• _Task statement_
After locating the line that contains "研究人员利用3D打印技术制造出可在太空中自成型的复合材料", quote it and all lines after it through the end of the entries, and nothing more. Pictures stay out.

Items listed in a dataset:
###
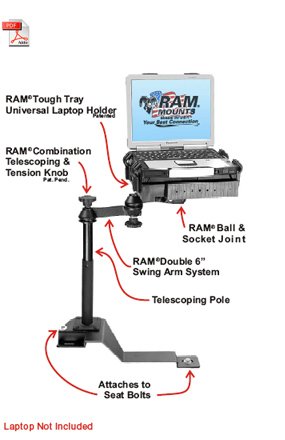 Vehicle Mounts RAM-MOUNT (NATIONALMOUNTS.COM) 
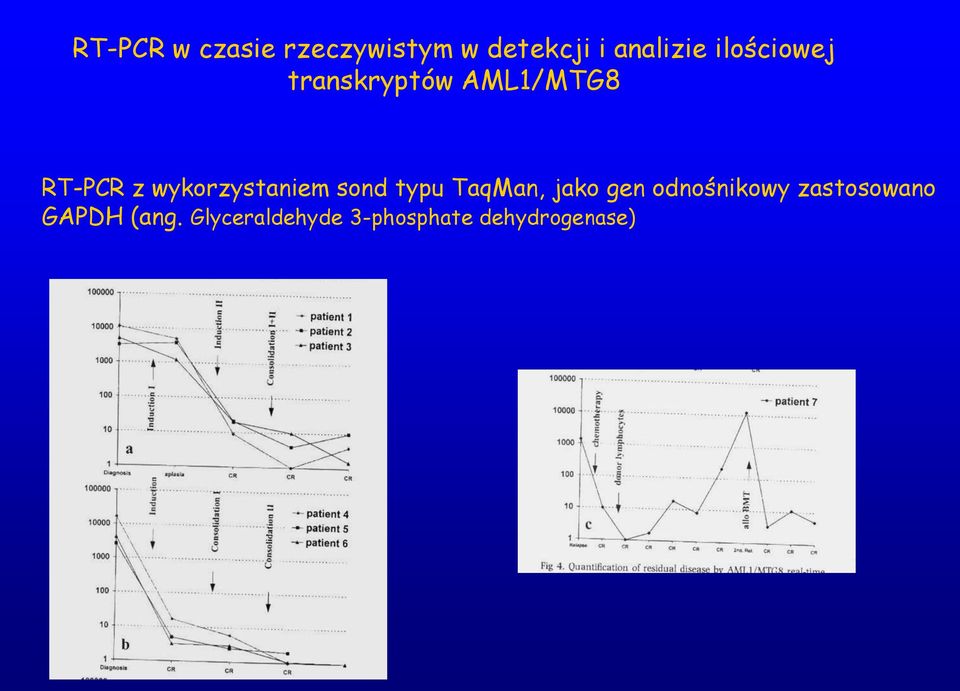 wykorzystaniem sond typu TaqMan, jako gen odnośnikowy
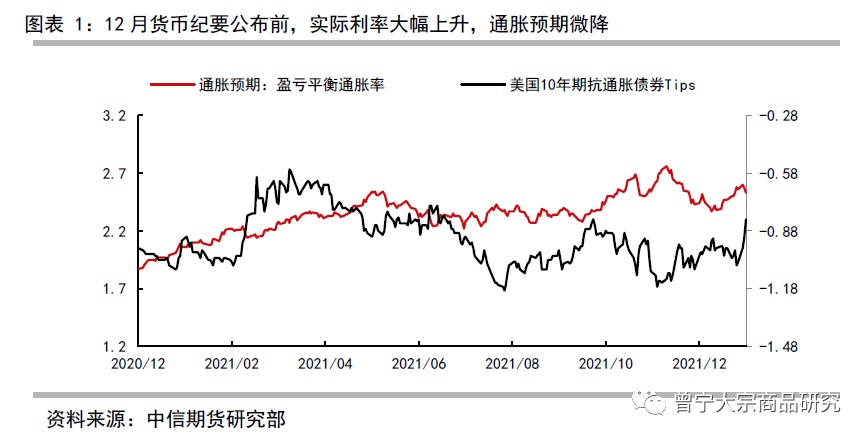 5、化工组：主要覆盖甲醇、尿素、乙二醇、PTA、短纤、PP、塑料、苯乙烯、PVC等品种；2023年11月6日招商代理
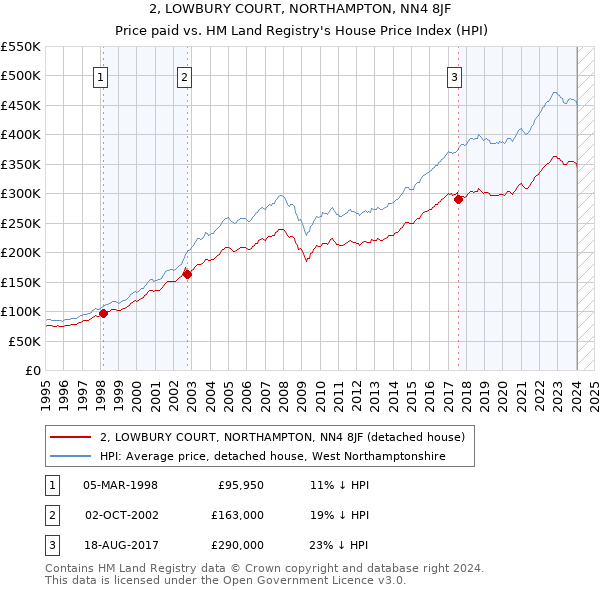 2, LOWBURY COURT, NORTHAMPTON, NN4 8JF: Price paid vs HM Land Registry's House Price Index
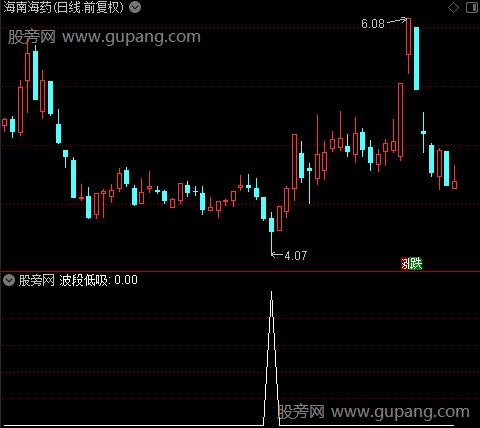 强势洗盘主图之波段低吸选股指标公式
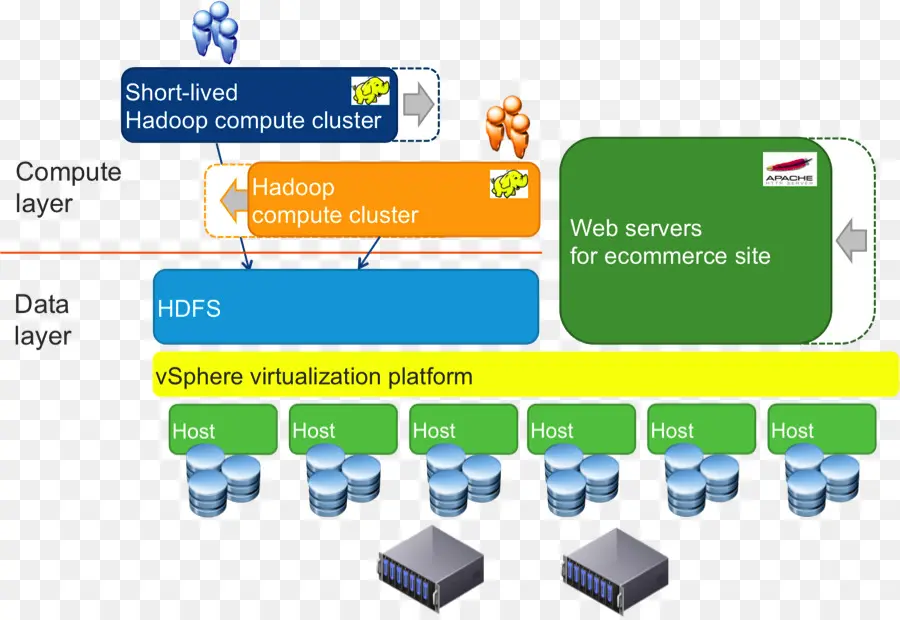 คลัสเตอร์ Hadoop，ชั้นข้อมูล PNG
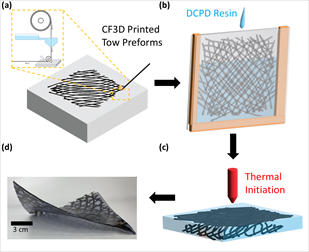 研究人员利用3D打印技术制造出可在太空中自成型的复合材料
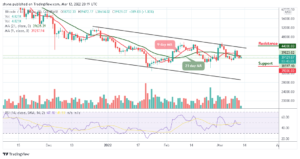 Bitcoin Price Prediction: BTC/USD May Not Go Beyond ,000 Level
###
• _Reply to the task_
 研究人员利用3D打印技术制造出可在太空中自成型的复合材料
 Bitcoin Price Prediction: BTC/USD May Not Go Beyond ,000 Level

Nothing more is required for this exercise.